Event triggers and message orchestration
Everything starts with an event. This could be a user action, such as posting a comment, a system event, like payment processing, or a scheduled task, like a weekly digest. Your backend needs to capture these events and transform them into notifications.
In the simplest case, you might directly create a notification record when an event occurs. When a user comments on a post, your API endpoint creates a notification for the post author. But this quickly becomes insufficient for real applications. What if the author has muted notifications from this user? What if they've received five comments in the last minute? Should you batch them? What if it's 3 AM in their timezone?
This is where message orchestration becomes critical. Instead of hard-coding notification logic throughout your application, you centralize it in a notification service or workflow engine. This orchestration layer handles complex decision-making, including user preferences, delivery timing, message batching, channel selection, and failover logic.
Direct vs. orchestrated notifications
// Simple direct notification
async function handleNewComment(comment) {
await createNotification({
userId: post.authorId,
type: "comment",
message: `${comment.author} commented on your post`,
});
}
// Orchestrated workflow
async function handleNewComment(comment) {
await notificationService.trigger("new-comment", {
recipient: post.authorId,
actor: comment.authorId,
data: { postId: post.id, commentId: comment.id },
preferences: ["in-app", "email"], // Check user preferences
rules: {
batch: { window: "5m", key: "post.id" }, // Batch by post
quiet_hours: { start: "22:00", end: "08:00" },
rate_limit: { max: 10, window: "1h" },
},
});
}
User segmentation and targeting
Modern orchestration systems also handle user segmentation and targeting. You might want to send a feature announcement only to users on a specific plan, or in a particular timezone, or who have used a related feature. The orchestration layer evaluates these conditions and ensures messages reach the right users at the right time.
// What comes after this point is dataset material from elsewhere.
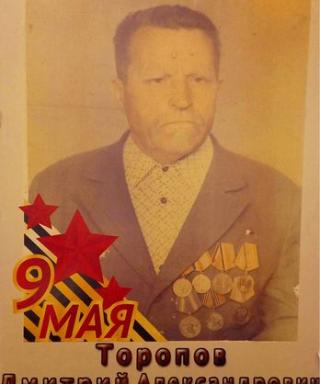 Торопов Дмитрий Александрович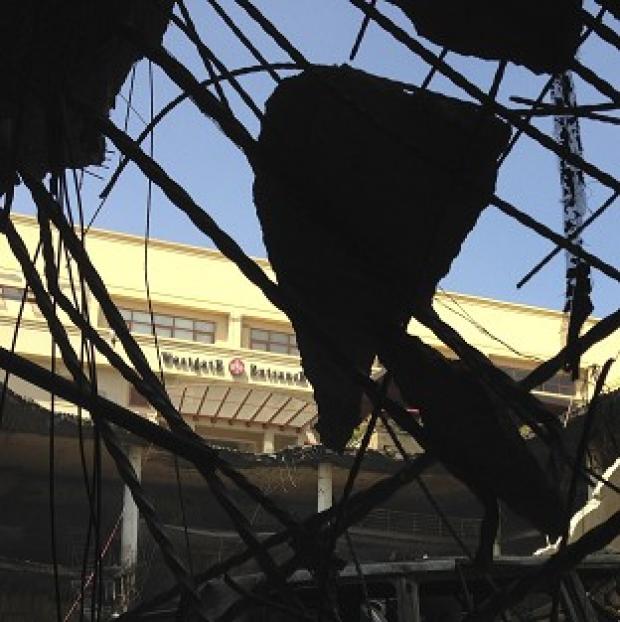 Congleton Guardian: Some 67 people were killed in the deadly attack on the upmarket Westgate Mall in Nairobi (AP) Congleton Guardian: Some 67 people were killed in the deadly attack on the upmarket Westgate Mall in Nairobi (AP)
Real-time delivery infrastructure
Getting messages from your server to users' browsers in real-time is one of the most complex parts of the system. You need persistent connections that can survive network hiccups, scale to thousands of concurrent users, and deliver messages with minimal latency.
Connection management at scale
WebSockets provide the gold standard for real-time communication. They establish a persistent, bidirectional connection between client and server, allowing instant message delivery in both directions. When a new notification is created, your server can immediately push it to all connected clients for that user. The challenge lies in managing these connections at scale. Each WebSocket connection consumes server resources, and you need to handle scenarios like users having multiple tabs open, connection drops, and server deployments that require graceful reconnection.

Message delivery guarantees
The infrastructure must also handle message delivery guarantees. What happens if a user's connection drops right as you're sending a notification? You need acknowledgment mechanisms, retry logic, and potentially fallback channels. Many systems implement an "at-least-once" delivery guarantee, where messages might be delivered multiple times but never lost, with deduplication handled on the client side.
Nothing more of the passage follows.